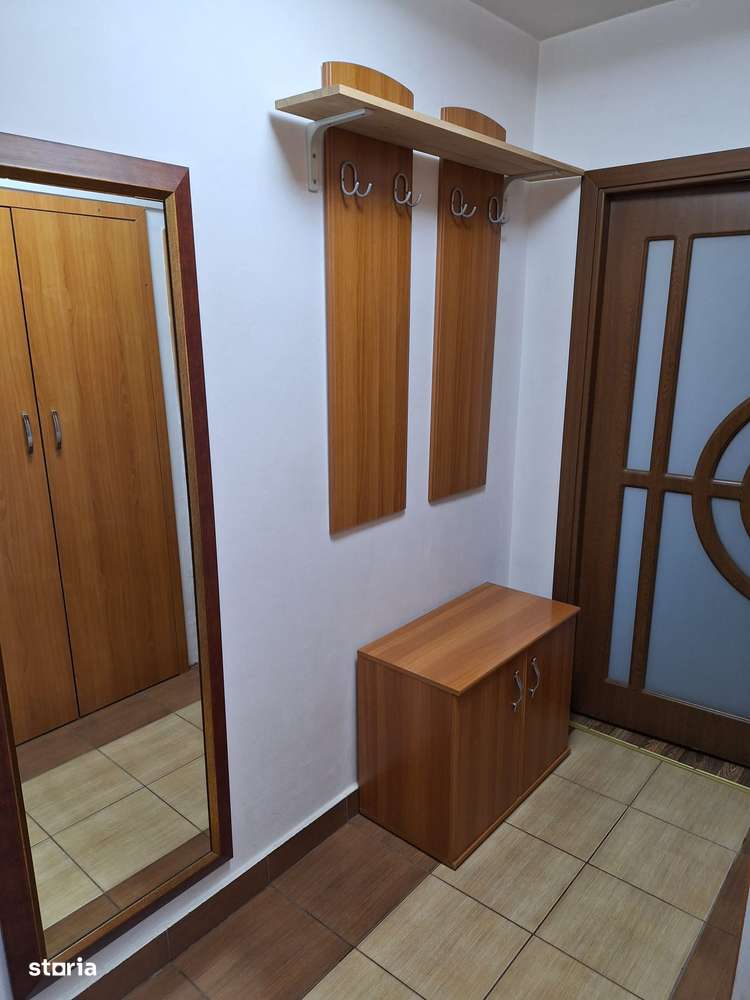 Inchiriez apartament 2 camere, etaj 4 Terezian - Imagine principală: 4/12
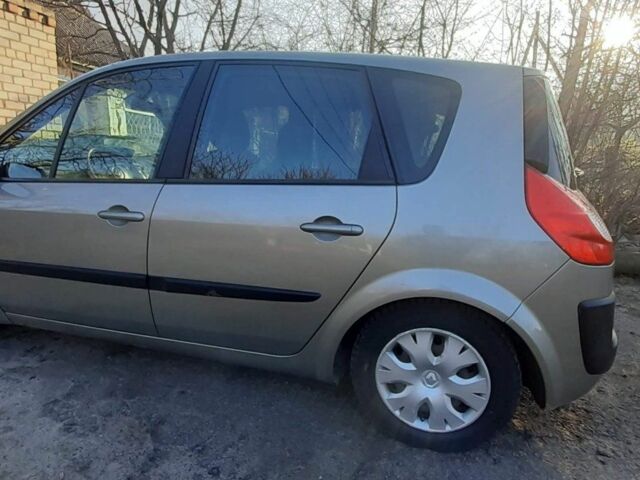 Сірий Рено Сценік II, об'ємом двигуна 1.6 л та пробігом 304 тис. км за 4500 $, фото 1 на Automoto.ua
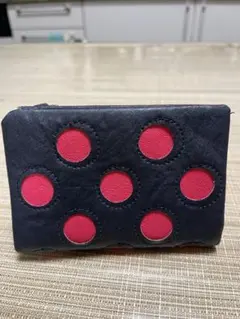 ネイビーとピンクのドット二つ折り財布　合皮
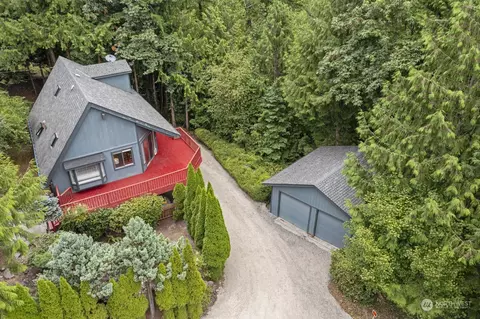 18020 W Lake Desire Dr SE, Renton, WA 98058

* _What is needed_
Your copy should hold exactly and only the lines from the one containing "ネイビーとピンクのドット二つ折り財布　合皮" through the end of the material, inclusive, repeated word for word and without pictures.

* _Response_
 ネイビーとピンクのドット二つ折り財布　合皮
 18020 W Lake Desire Dr SE, Renton, WA 98058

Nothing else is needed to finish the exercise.